State of New York
Supreme Court, Appellate Division
Third Judicial Department
Decided and Entered: July 21, 2016 521034
________________________________
In the Matter of JASON RAMOS,
Petitioner,
v
MEMORANDUM AND JUDGMENT
ANTHONY J. ANNUCCI, as Acting
Commissioner of Corrections
and Community Supervision,
Respondent.
________________________________
Calendar Date: June 6, 2016
Before: Lahtinen, J.P., Egan Jr., Lynch, Clark and Aarons, JJ.
__________
Donna H. Lee, Main Street Legal Services, Long Island City,
for petitioner.
Eric T. Schneiderman, Attorney General, Albany (Martin A.
Hotvet of counsel), for respondent.
__________
Proceeding pursuant to CPLR article 78 (transferred to this
Court by order of the Supreme Court, entered in Albany County) to
review a determination of respondent finding petitioner guilty of
violating certain prison disciplinary rules.
Petitioner was charged in a misbehavior report with
possessing gang-related material, conspiring to possess weapons,
conspiring to possess tobacco in the special housing unit,
smuggling, conspiring to introduce narcotics into the facility
and violating facility correspondence procedures. Following a
tier III disciplinary rehearing, petitioner was found guilty of
all charges except the tobacco charge, and a penalty was imposed.

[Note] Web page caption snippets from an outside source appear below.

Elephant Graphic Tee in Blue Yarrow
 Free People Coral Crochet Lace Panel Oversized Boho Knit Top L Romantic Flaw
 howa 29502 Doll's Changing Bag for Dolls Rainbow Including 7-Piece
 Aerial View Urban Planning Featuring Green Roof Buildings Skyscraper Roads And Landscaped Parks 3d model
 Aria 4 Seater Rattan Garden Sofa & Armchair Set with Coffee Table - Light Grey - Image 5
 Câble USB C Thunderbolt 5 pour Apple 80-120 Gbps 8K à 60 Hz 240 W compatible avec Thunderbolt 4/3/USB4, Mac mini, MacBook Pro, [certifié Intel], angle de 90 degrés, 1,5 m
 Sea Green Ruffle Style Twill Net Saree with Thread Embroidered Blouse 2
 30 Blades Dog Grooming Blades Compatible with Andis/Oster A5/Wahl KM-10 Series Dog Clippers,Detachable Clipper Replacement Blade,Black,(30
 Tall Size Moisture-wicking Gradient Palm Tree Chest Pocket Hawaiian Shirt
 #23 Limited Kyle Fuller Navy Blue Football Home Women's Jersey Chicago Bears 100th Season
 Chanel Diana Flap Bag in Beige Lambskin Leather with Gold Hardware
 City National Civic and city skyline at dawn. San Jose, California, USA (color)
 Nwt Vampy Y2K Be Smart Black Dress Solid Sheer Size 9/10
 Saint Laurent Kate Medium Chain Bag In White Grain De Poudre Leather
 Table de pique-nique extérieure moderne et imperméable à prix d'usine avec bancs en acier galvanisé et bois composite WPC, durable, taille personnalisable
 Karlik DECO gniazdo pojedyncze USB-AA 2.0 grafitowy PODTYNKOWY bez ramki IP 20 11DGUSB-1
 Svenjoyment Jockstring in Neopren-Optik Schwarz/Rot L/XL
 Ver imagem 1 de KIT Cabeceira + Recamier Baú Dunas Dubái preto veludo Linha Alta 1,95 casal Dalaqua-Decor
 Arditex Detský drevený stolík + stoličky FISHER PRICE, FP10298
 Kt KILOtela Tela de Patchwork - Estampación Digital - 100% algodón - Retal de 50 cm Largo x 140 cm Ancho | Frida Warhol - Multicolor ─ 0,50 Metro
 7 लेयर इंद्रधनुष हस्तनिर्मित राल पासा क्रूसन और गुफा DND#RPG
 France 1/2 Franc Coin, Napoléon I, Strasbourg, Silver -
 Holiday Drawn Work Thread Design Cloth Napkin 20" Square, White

The determination of guilt – based in large measure upon
correspondence that was intercepted by correction officials – was
-2- 521034
affirmed upon administrative review, and this CPLR article 78
proceeding ensued.
Petitioner argues that his mail was opened in violation of
established mail watch procedures. Specifically, petitioner
contends that the "express written authorization" that permitted
facility personnel to open, inspect or read his outgoing
correspondence (7 NYCRR 720.3 [3] [e]) failed to "set forth the
specific facts forming the basis for the action" (7 NYCRR 720.3
[e] [1]) and, as such, the subject authorization was invalid.1
Upon reviewing the document at issue, we agree. Accordingly, the
determination of guilt must be annulled (see Matter of Mena v
Fischer, 115 AD3d 1039, 1039 [2014]; compare Matter of Santana v
Fischer, 78 AD3d 1364, 1364 [2013]). In light of this
conclusion, we need not address the remaining arguments raised by
petitioner.
Lahtinen, J.P., Egan Jr., Lynch, Clark and Aarons, JJ.,
concur.
ADJUDGED that the determination is annulled, without costs,
petition granted, and respondent is directed to expunge all
references to this matter from petitioner's institutional record
and to restore any loss of good time.
ENTER:
Robert D. Mayberger
Clerk of the Court
1
Similar provisions govern the reading of incoming
correspondence (see 7 NYCRR 720.4 [e], [f]).